La commission d’enquête parlementaire mise sur pied il y a quatre mois par l’Assemblée Nationale continue à marche forcée d’éplucher les dossiers de l’ancien régime avec de forts soupçons de mal gestion et de détournements des deniers publics.
La commission a pour principale mission d’éplucher certains gros dossiers ; notamment la gestion de la Société nationale industrielle et minière (SNIM) et sa fondation, les attributions de marchés publics dans le domaine de l’énergie, la gestion du foncier à Nouakchott, les concessions au niveau du port de Nouakchott et le contrat avec la société chinoise «Poly Hong Dong Fisheries» en matière de pêches.

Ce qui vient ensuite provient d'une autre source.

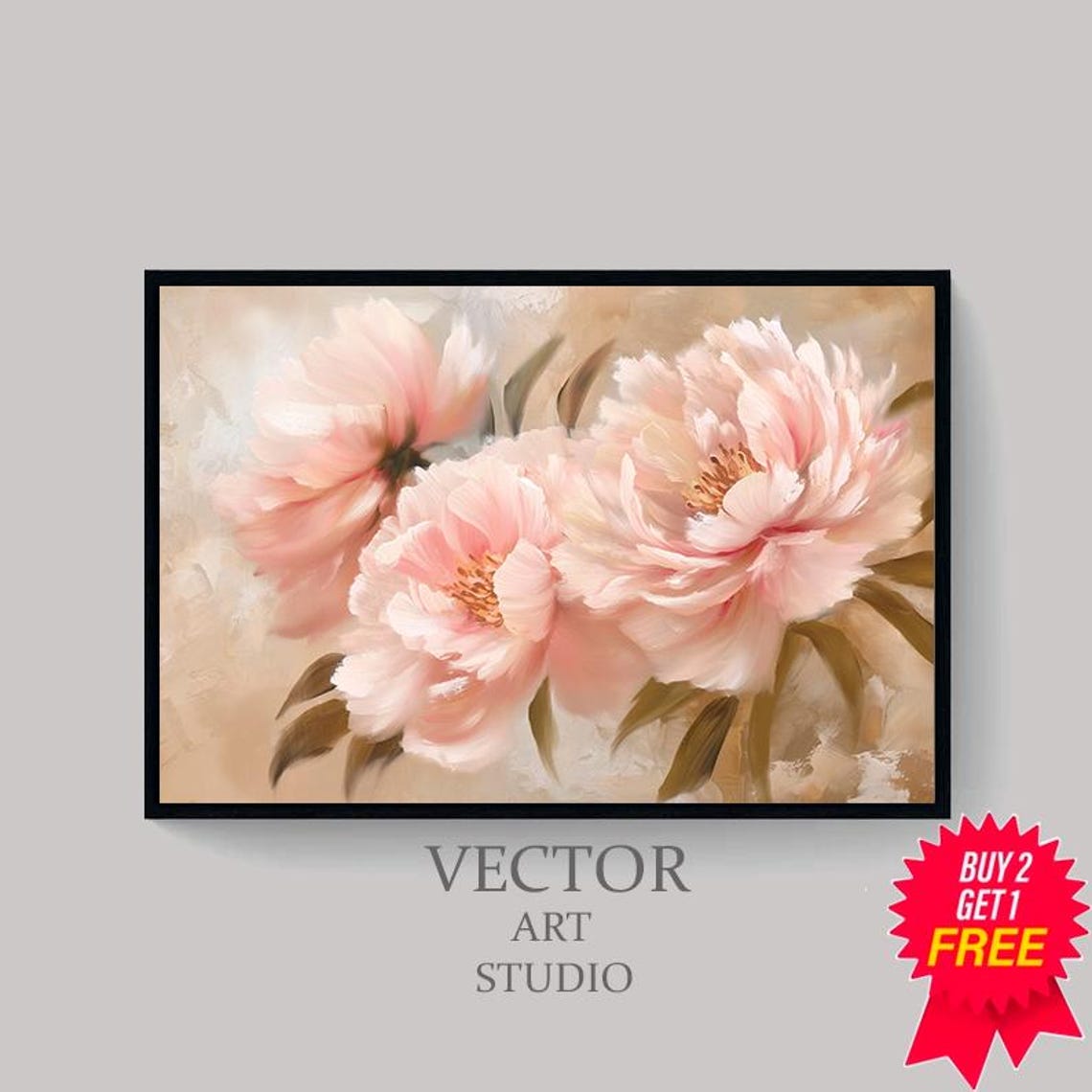 Soft Blush Pink Peonies Vintage Floral Oil Painting Wall Art - Image 4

Depuis sa création la commission a audité des dizaines de pontes de l’ancien régime dont l’ex inamovible premier ministre Moulaye Ould Mohamed Laghdaf qui a confirmé ce que l’on savait déjà, à savoir que le président Aziz était le seul maitre à bord et c’est lui qui détenait les cordons de la bourse.

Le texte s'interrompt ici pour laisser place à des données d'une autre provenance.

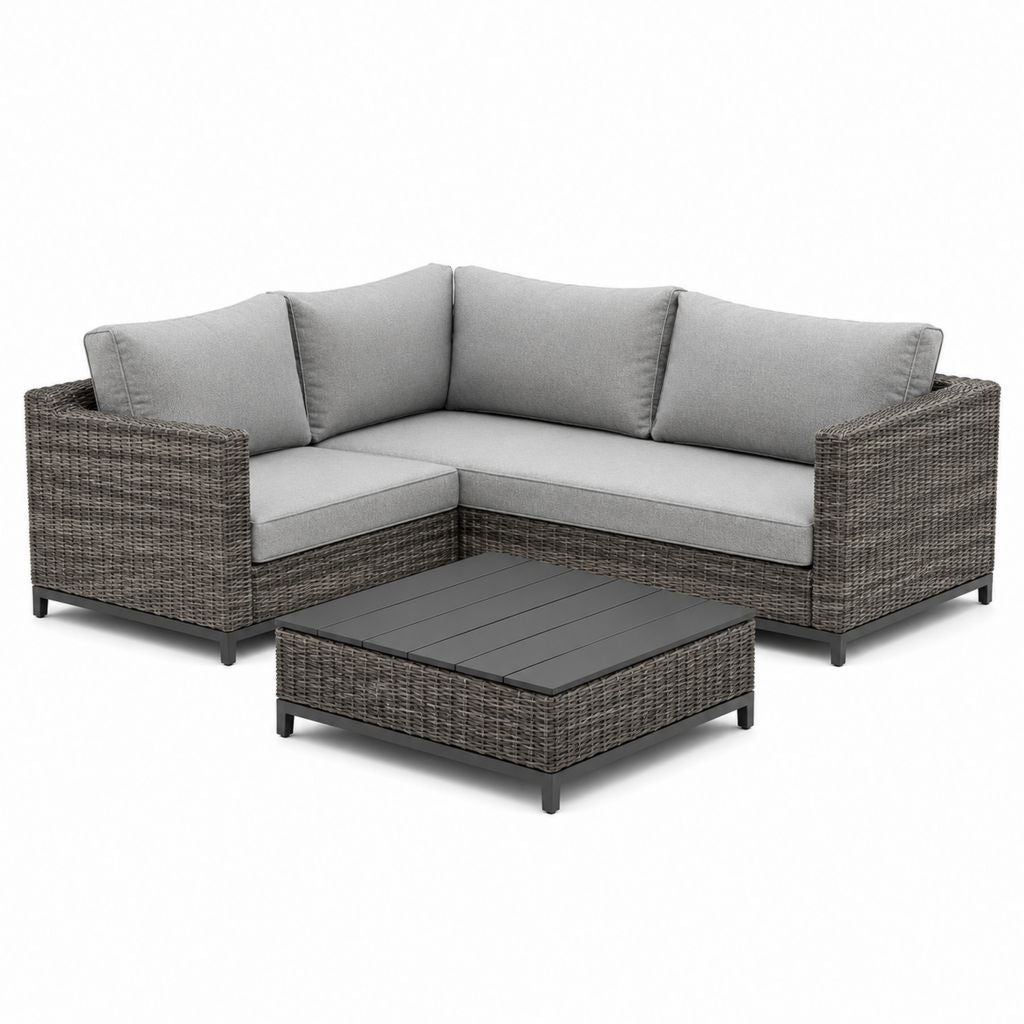 Set divano angolare da giardino con tavolino grigio in rattan PE 208 x 208 x 82 cm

Les auditions s’accélèrent et la dernière en date a eu lieu le 23 juin courant et ce fut celle d’un fidèle parmi les fidèles, l’ancien ministre Seydina Ali Ould Mohamd Khouna qui avait pendant le dernier trimestre du règne de Aziz occupé simultanément les postes de Ministre de la Fonction Publique, du Travail, de l’Emploi et de la Modernisation de l’Administration, le ministère de la culture, de l’artisanat et porte-parole du gouvernement, en plus de la présidence de la commission chargée de la gestion du parti UPR.
Avant lui c’était autour d’un autre gros poisson du système azizien qui avait été entendu le 15 juin dernier. Il s’agit en l’occurrence de Mohamed Abdallahi ould Yaha, un richissime homme d’affaire proche de la famille régnante. Il est considéré comme l’homme des multinationales et des gros contrats.

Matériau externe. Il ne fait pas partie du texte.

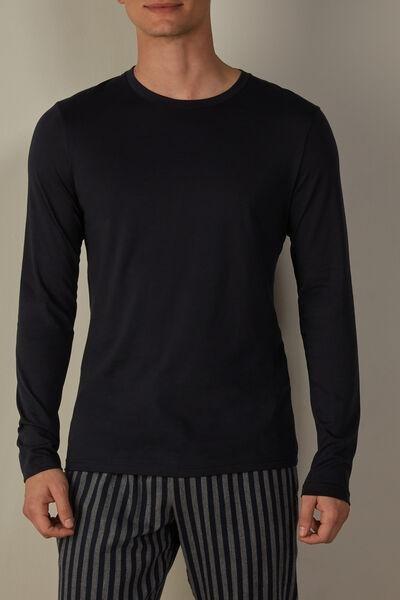 Blue  Long-Sleeve Supima Cotton Top, , large image number 0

Et pour couronner le tout on attend prochainement l’audition du boss, l’ex président Aziz qui à en croire des sources concordantes devrait intervenir au tout début du mois prochain. On parle du 7 juillet. Et ironie du sort Aziz sera face à ses anciens soutiens dont Ould Diah, l’avocat qui dirige cette commission d’enquête. Et ce sera la mésaventure de l’arroseur arrosé. Cette audition est jugée nécessaire par Lemrabott Ould Benahi, porte parole de la commission qui estime que c’est normal d’auditionner l’ex président qui dit-il a dirigé le pays pendant 12 ans.
Les députés enquêteurs se sont attachés l’assistance de trois cabinets internationaux, ayant remporté un appel d’offres devant 17 concurrents: la firme britannique Taylor Wessing (aspects juridiques et de procédure), Matine Consulting (Tunisie-spécialisé dans les audits) et Gibraltar Advisory (Infrastructures).
Les résultats de ces audits pourraient éventuellement déboucher sur des poursuites judiciaires «en cas d’indices graves et concordants, pouvant être rattachés à des faits de corruption, ou toute autre infraction liée à la violation des règles d’attribution des marchés publics.
Notons que la création de cette commission d’enquête fait suite à un rapport compromettant de la Cour des Comptes et intervient dans un contexte de suspicion à l’égard de l’ancien président et son entourage ; une suspicion renforcée par les graves révélations du Premier Ministre ce Week end qui a déclaré qu’au 31 juillet 2019, le Trésor public Mauritanien n’avait que 26,4 milliards d’ouguiyas dont 18 milliards d’aides de la Banque Mondiale, tandis que l’État fait face à des obligations de plus de 200 milliards d’ouguiyas ; une façon de dire que les caisses de l’Etat étaient vides.
Autre pièce à apporter au dossier, il s’agit des accusations de corruptions brandies contre l’ex-Président et ses hommes par le Sénateur Mohamed Ould Ghadda, qui n’a pas hésité à donner des noms et à brandir des documents en guise de preuves.
Notons enfin que la commission a lancé une course contre la montre car elle doit rendre son rapport à la fin du mois de juillet.